Géomythologie de l’« homme diluvien »

En tant que discipline historico-scientifique, la géomythologie se penche sur ces narrations surnaturelles et tente de relier les grands mythes diluviens du passé aux réalités historiques qui les ont accompagnés, d’établir la part de réel et d’objectif entre ce type d’inondations torrentielles et dévastatrices et les discours qui en sont issus. Le mythe du déluge, bien connu dans la culture judéo-chrétienne à travers l’épisode de l’Arche de Noé, n’est d’ailleurs pas caractéristique des seules cultures monothéistes : beaucoup d’autres sociétés ont transmis des histoires analogues de bouleversements destructeurs.

Sorti en 2014, « Noé », de Darren Aronofsky, reprend, avec quelques approximations, le récit biblique de l’annihilation par Dieu de la quasi-totalité de l’humanité pour la punir de son égarement.

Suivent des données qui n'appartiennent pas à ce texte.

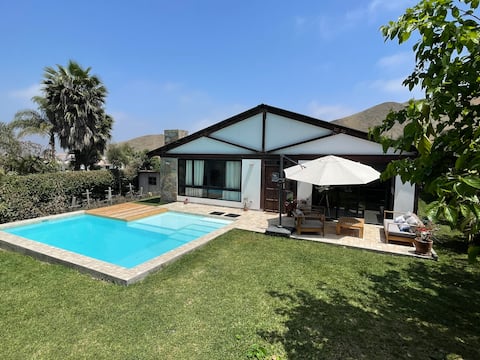Boutique country house in Azpitia- Casa Lucuma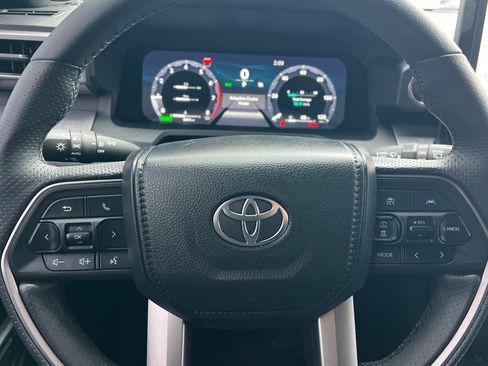 Used 2025 Toyota 4Runner Trailhunter image 20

On retrouve ces récits parmi la plupart des peuples et dans de nombreuses traditions orales et folkloriques en lien avec divers phénomènes naturels – séismes, éruptions volcaniques, tsunamis, ouragans, pestes, épidémies… Indépendamment des croyances ou religions qui les sous-tendent, ceux-ci ont pour dénominateur commun de vouloir expliquer la survenue de désastres à travers une fenêtre historique menant à la reconstruction d’un monde chargé de sens à la suite d’événements mystérieux, de situations considérées comme incontrôlables.

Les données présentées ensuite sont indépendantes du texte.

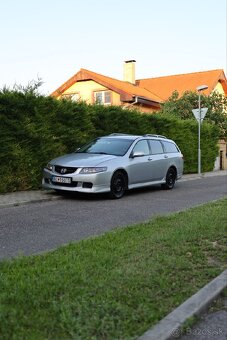 Honda Accord Tourer 2.0 iV-TEC 114kW rok 2004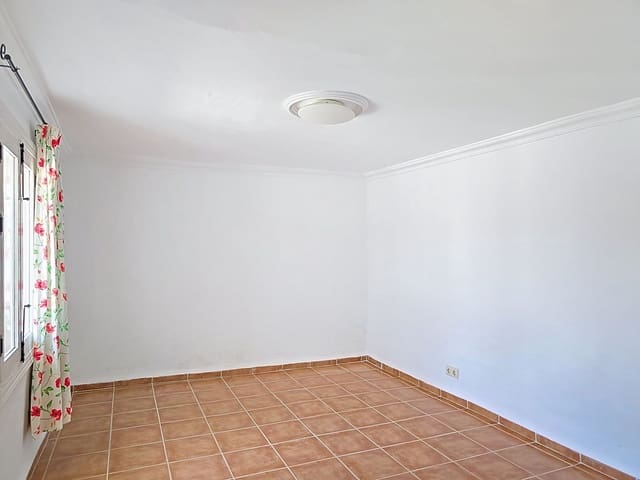 5 soveværelse Finca/Landehus til salg i Salobreña med garage - € 270.000 (Ref: 9944677)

Depuis la nuit des temps, la vie humaine a coexisté avec son environnement naturel, dans une lutte perpétuelle pour le contrôle de ce dernier. Dès lors, l’effort qui consiste à rechercher des significations à des événements accablants à l’échelle psychologique, car hautement traumatiques à l’instar de ce qui s’est produit en Libye, relève d’une agentivité en quête de causes, d’intentions, d’effets, pour regagner la maîtrise d’une situation qui semble échapper à l’homme, autrement dit de son destin. Nombre de systèmes de croyances affirment qu’une puissance surnaturelle ou divine ne se contente pas d’intervenir : elle châtierait en délivrant à l’humanité, prise en partie ou dans sa totalité, violences et souffrances pour mieux l’inviter à se réformer.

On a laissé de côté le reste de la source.